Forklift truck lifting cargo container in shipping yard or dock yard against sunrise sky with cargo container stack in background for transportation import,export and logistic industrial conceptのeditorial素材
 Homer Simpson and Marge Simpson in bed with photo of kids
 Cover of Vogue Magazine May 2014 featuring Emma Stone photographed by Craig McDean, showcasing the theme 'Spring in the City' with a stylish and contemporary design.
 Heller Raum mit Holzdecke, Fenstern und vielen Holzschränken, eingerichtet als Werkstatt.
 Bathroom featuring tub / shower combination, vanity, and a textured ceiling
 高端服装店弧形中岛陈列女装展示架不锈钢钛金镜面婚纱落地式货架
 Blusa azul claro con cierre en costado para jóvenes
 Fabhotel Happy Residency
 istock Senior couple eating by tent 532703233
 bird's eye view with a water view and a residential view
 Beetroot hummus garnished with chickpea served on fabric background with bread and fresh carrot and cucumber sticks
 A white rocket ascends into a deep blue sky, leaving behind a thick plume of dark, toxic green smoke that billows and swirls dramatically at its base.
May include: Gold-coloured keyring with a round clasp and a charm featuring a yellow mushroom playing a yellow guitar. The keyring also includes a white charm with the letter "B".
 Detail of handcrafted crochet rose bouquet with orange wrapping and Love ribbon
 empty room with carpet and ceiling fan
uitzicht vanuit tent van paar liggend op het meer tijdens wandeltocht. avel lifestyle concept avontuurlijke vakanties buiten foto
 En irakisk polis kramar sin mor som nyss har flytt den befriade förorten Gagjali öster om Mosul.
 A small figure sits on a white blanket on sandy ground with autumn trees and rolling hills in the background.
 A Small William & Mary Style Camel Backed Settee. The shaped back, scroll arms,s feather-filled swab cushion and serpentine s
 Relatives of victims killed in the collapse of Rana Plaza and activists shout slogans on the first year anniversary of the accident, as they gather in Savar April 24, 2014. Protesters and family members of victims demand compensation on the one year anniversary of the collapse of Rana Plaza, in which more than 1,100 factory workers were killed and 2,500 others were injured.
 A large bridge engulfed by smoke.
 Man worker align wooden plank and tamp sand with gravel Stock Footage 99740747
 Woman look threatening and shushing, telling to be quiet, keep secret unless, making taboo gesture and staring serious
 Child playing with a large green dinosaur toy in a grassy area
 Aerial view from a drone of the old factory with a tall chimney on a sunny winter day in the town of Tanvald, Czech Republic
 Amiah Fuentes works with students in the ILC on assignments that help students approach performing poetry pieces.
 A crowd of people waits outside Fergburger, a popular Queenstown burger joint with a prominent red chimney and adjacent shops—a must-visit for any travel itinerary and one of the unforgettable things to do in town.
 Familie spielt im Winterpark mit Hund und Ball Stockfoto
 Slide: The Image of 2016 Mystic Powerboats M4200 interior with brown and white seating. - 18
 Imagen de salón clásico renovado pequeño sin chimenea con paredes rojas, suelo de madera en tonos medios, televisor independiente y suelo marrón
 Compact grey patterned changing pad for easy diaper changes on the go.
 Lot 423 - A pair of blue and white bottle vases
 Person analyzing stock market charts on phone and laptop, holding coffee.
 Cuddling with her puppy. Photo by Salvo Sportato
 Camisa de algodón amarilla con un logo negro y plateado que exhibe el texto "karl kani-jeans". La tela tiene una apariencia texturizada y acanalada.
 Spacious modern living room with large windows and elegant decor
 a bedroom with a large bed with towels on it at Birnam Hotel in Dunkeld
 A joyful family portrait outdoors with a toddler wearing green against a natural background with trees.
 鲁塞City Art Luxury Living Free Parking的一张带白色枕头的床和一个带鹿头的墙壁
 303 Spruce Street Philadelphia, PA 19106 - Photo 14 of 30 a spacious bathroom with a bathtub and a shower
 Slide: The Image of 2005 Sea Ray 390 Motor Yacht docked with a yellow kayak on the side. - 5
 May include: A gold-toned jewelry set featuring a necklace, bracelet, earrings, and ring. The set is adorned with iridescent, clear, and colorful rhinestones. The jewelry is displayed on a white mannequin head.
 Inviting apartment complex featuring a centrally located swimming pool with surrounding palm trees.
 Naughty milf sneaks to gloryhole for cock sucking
++++++++
■ Task description ■
Copy the data above exactly. Every line must be included.

■ Answer ■
Forklift truck lifting cargo container in shipping yard or dock yard against sunrise sky with cargo container stack in background for transportation import,export and logistic industrial conceptのeditorial素材
 Homer Simpson and Marge Simpson in bed with photo of kids
 Cover of Vogue Magazine May 2014 featuring Emma Stone photographed by Craig McDean, showcasing the theme 'Spring in the City' with a stylish and contemporary design.
 Heller Raum mit Holzdecke, Fenstern und vielen Holzschränken, eingerichtet als Werkstatt.
 Bathroom featuring tub / shower combination, vanity, and a textured ceiling
 高端服装店弧形中岛陈列女装展示架不锈钢钛金镜面婚纱落地式货架
 Blusa azul claro con cierre en costado para jóvenes
 Fabhotel Happy Residency
 istock Senior couple eating by tent 532703233
 bird's eye view with a water view and a residential view
 Beetroot hummus garnished with chickpea served on fabric background with bread and fresh carrot and cucumber sticks
 A white rocket ascends into a deep blue sky, leaving behind a thick plume of dark, toxic green smoke that billows and swirls dramatically at its base.
May include: Gold-coloured keyring with a round clasp and a charm featuring a yellow mushroom playing a yellow guitar. The keyring also includes a white charm with the letter "B".
 Detail of handcrafted crochet rose bouquet with orange wrapping and Love ribbon
 empty room with carpet and ceiling fan
uitzicht vanuit tent van paar liggend op het meer tijdens wandeltocht. avel lifestyle concept avontuurlijke vakanties buiten foto
 En irakisk polis kramar sin mor som nyss har flytt den befriade förorten Gagjali öster om Mosul.
 A small figure sits on a white blanket on sandy ground with autumn trees and rolling hills in the background.
 A Small William & Mary Style Camel Backed Settee. The shaped back, scroll arms,s feather-filled swab cushion and serpentine s
 Relatives of victims killed in the collapse of Rana Plaza and activists shout slogans on the first year anniversary of the accident, as they gather in Savar April 24, 2014. Protesters and family members of victims demand compensation on the one year anniversary of the collapse of Rana Plaza, in which more than 1,100 factory workers were killed and 2,500 others were injured.
 A large bridge engulfed by smoke.
 Man worker align wooden plank and tamp sand with gravel Stock Footage 99740747
 Woman look threatening and shushing, telling to be quiet, keep secret unless, making taboo gesture and staring serious
 Child playing with a large green dinosaur toy in a grassy area
 Aerial view from a drone of the old factory with a tall chimney on a sunny winter day in the town of Tanvald, Czech Republic
 Amiah Fuentes works with students in the ILC on assignments that help students approach performing poetry pieces.
 A crowd of people waits outside Fergburger, a popular Queenstown burger joint with a prominent red chimney and adjacent shops—a must-visit for any travel itinerary and one of the unforgettable things to do in town.
 Familie spielt im Winterpark mit Hund und Ball Stockfoto
 Slide: The Image of 2016 Mystic Powerboats M4200 interior with brown and white seating. - 18
 Imagen de salón clásico renovado pequeño sin chimenea con paredes rojas, suelo de madera en tonos medios, televisor independiente y suelo marrón
 Compact grey patterned changing pad for easy diaper changes on the go.
 Lot 423 - A pair of blue and white bottle vases
 Person analyzing stock market charts on phone and laptop, holding coffee.
 Cuddling with her puppy. Photo by Salvo Sportato
 Camisa de algodón amarilla con un logo negro y plateado que exhibe el texto "karl kani-jeans". La tela tiene una apariencia texturizada y acanalada.
 Spacious modern living room with large windows and elegant decor
 a bedroom with a large bed with towels on it at Birnam Hotel in Dunkeld
 A joyful family portrait outdoors with a toddler wearing green against a natural background with trees.
 鲁塞City Art Luxury Living Free Parking的一张带白色枕头的床和一个带鹿头的墙壁
 303 Spruce Street Philadelphia, PA 19106 - Photo 14 of 30 a spacious bathroom with a bathtub and a shower
 Slide: The Image of 2005 Sea Ray 390 Motor Yacht docked with a yellow kayak on the side. - 5
 May include: A gold-toned jewelry set featuring a necklace, bracelet, earrings, and ring. The set is adorned with iridescent, clear, and colorful rhinestones. The jewelry is displayed on a white mannequin head.
 Inviting apartment complex featuring a centrally located swimming pool with surrounding palm trees.
 Naughty milf sneaks to gloryhole for cock sucking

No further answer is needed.